Find all java.util.HashMap instances that are accessed from multiple threads (without explicit synchronization). The JFR JavaMonitorEnter events show contention on a raw HashMap — either replace it with ConcurrentHashMap or identify and fix the missing synchronization. A data race on HashMap can cause infinite loops (Java 6) or silent data loss.

P3 — Bound Network-Worker thread creation

Network-Worker threads are created at 53/minute with apparently no upper bound. Each new Network-Worker thread adds another entry to every ThreadLocal's map, contributing to the 4% ThreadLocalMap.set/remove CPU cost.

Fix: configure the Network-Worker thread pool with a fixed maximum size (e.g., maxThreads = 2 * CPUs = 8). Incoming connections that exceed the pool should queue, not create new threads.

P4 — Fix NoSuchMethodError / IncompatibleClassChangeError on every API request

The 124 exceptions/second are being thrown on Jetty worker threads during API request handling. Identify which API endpoint triggers the reflection-based method lookup. The DirectMethodHandle$Holder error points to a JAX-RS or Jersey reflection call that fails on every invocation because a dependency has incompatible versions.
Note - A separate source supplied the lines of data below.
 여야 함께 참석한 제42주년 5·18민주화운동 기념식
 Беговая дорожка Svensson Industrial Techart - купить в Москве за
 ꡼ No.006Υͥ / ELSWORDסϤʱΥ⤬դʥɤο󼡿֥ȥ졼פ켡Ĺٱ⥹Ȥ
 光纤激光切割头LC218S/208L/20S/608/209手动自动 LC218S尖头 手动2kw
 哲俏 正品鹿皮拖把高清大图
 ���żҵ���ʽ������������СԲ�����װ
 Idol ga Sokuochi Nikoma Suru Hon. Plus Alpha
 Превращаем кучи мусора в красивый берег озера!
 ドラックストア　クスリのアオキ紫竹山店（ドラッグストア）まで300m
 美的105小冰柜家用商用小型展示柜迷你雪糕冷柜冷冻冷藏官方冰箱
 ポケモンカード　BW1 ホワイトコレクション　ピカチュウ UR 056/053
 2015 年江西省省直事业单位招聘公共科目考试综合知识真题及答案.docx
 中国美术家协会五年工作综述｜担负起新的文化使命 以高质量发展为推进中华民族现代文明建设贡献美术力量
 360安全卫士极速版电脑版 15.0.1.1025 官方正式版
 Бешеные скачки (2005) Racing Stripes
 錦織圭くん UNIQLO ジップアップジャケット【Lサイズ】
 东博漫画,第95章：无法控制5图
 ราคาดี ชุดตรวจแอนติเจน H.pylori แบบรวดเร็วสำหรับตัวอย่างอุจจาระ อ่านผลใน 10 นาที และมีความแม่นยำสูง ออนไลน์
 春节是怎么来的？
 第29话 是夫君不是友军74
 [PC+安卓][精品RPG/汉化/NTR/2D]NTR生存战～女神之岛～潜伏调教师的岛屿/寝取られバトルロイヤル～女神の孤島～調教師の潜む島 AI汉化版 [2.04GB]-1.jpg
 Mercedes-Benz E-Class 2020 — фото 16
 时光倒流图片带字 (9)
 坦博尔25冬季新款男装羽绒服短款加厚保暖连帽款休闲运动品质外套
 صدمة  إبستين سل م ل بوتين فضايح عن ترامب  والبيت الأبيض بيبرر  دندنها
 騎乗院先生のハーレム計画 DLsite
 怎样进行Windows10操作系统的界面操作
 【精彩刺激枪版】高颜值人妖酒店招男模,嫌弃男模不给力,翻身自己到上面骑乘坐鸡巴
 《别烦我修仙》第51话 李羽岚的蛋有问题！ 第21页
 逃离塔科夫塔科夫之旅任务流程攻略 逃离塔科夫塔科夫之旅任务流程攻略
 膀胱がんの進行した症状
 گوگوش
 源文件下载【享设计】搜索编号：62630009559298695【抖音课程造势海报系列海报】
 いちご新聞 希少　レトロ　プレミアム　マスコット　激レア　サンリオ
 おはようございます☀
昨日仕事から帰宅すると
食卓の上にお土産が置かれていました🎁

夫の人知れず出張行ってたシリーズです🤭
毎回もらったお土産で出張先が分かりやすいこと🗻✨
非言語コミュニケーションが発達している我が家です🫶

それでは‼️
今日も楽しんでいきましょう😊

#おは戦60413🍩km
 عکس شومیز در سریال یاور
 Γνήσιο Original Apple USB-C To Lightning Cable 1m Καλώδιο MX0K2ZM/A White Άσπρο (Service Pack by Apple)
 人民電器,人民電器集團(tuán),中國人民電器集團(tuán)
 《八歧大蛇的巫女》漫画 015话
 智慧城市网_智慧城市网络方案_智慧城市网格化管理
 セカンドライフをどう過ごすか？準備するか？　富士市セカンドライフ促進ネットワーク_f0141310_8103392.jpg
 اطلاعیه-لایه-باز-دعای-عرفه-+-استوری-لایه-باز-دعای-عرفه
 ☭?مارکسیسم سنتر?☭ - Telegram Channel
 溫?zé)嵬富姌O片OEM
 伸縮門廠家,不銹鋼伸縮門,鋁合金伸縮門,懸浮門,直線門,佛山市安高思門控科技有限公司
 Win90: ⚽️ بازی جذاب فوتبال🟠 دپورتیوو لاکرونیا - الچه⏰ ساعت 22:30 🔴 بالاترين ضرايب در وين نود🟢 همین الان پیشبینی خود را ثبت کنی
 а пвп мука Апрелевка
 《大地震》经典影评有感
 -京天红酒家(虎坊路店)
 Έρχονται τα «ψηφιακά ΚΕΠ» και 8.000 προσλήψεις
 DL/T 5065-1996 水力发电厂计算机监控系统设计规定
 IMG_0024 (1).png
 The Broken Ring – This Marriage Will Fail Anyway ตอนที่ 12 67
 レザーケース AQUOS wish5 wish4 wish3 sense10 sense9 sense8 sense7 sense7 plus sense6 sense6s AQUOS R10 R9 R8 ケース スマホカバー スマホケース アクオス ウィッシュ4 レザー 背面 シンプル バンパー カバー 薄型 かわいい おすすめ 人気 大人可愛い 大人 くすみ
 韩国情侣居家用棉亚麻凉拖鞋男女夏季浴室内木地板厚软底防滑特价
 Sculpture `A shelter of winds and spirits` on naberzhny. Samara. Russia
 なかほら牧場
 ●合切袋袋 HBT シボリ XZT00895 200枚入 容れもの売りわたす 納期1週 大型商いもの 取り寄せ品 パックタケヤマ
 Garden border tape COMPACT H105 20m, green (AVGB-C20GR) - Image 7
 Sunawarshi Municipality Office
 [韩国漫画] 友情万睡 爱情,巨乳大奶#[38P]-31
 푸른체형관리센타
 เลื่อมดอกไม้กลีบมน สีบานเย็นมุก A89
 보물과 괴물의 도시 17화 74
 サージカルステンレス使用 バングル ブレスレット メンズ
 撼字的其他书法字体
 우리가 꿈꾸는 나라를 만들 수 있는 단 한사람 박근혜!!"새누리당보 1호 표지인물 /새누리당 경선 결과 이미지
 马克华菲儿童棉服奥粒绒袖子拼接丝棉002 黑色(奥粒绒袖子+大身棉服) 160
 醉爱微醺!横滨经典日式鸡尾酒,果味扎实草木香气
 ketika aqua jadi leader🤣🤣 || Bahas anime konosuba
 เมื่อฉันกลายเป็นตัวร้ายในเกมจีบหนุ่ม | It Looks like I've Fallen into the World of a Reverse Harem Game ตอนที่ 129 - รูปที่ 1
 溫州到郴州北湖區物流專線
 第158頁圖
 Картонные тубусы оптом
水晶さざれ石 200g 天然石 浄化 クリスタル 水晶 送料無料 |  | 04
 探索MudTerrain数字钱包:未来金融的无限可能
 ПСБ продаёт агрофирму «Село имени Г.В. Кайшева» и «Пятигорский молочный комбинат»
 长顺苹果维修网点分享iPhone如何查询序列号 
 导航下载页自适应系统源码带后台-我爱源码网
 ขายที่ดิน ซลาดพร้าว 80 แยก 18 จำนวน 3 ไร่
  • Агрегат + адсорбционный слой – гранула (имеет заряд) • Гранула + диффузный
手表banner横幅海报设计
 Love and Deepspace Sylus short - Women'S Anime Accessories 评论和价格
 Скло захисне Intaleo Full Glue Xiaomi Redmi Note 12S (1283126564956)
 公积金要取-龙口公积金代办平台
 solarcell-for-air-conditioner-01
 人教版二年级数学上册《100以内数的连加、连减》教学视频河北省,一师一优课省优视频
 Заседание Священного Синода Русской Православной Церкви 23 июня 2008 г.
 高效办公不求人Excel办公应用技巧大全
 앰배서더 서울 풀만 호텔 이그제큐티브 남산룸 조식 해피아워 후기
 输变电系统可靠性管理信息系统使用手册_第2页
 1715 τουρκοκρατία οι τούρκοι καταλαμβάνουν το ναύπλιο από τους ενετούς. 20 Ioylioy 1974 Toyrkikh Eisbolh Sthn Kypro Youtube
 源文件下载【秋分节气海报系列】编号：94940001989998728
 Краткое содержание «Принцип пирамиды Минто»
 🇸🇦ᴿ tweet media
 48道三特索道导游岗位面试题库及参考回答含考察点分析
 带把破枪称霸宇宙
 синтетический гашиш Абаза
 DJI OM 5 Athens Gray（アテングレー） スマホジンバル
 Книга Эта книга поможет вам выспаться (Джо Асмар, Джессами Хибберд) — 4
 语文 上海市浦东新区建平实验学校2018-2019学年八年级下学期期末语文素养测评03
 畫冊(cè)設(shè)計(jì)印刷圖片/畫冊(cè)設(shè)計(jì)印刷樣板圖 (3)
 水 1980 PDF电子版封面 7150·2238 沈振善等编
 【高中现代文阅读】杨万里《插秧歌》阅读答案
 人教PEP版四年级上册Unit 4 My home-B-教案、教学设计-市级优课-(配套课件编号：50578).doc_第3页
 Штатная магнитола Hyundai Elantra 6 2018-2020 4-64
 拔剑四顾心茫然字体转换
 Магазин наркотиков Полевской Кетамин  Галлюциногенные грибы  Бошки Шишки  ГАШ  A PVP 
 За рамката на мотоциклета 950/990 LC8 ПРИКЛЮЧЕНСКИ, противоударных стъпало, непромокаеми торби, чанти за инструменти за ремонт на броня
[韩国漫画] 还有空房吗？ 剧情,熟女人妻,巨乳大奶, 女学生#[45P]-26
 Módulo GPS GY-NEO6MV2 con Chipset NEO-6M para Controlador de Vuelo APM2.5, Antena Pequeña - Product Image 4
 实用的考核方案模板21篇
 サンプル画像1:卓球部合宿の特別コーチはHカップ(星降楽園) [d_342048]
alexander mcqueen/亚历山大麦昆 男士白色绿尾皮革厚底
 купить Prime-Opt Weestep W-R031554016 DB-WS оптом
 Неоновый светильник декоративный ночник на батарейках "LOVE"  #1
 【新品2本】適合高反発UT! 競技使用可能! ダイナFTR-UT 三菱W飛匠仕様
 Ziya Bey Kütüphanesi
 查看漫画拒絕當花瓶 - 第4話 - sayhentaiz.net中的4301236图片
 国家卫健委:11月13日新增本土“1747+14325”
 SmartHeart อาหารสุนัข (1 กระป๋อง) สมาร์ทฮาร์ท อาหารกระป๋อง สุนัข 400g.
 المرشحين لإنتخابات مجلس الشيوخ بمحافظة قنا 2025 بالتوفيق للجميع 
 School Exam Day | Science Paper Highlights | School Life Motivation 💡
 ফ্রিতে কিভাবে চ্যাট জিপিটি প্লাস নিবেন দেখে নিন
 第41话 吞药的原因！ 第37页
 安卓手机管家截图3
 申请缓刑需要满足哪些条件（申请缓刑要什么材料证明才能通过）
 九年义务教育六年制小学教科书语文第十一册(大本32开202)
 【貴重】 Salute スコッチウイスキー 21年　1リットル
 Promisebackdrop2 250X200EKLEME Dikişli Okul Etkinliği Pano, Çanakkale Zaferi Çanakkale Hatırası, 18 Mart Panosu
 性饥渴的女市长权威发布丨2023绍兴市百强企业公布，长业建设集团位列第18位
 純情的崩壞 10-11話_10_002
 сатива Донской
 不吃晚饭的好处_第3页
Run the node with -verbose:class to find which class is being loaded from two different JARs. Remove or shade the conflicting dependency.

P5 — Increase HSQLDB cache size for Arbitrary Data tables

clearToHalf() at 10.6% CPU means the Arbitrary Data Manager threads are continuously evicting from an undersized HSQLDB cache. Find the HSQLDB cache_size setting for the arbitrary data tables and increase it. HSQLDB's default cache is typically 10,000 rows; for a blockchain with growing arbitrary data, 100,000500,000 rows may be needed:

SET FILES CACHE SIZE 500000;
-- or in database.properties:
hsqldb.cache_size=500000

P6 — Reduce X25519 field allocation (BouncyCastle)

X25519Field.create() at 14,124 allocation events indicates frequent key exchanges. Two approaches:

  1. Cache peer public keys: if the same peer is repeatedly doing key exchanges, cache the computed shared secret per-peer connection instead of re-computing on each message exchange.
  2. Switch to JVM native X25519 (Java 11+): java.security.KeyAgreement.getInstance("XDH") with NamedParameterSpec.X25519 uses the JVM's built-in implementation which uses stack-allocated field arithmetic (no heap allocation).

P7 — Fix pool-5-thread unbounded creation (25 new threads/min)

pool-5-thread is a standard Java Executors.newCachedThreadPool() — it creates a new thread for every task if no idle thread is available and threads are not being reused. Replace with:

// Instead of:
Executors.newCachedThreadPool()
// Use bounded pool:
new ThreadPoolExecutor(4, 32, 60L, TimeUnit.SECONDS, new SynchronousQueue<>())

P8 — Restore some heap headroom

The current 1872M max is tight for a live set that sits at ~1100MB working set. G1 needs roughly 2× the live set to operate efficiently (room for young gen + mixed GC buffer + concurrent mark). Consider:

-Xmx3072m   # restore to ~3GB; process RSS was already reaching 4GB in Run 1

This will slow the IHOP drift and reduce evacuation pressure per mixed GC cycle.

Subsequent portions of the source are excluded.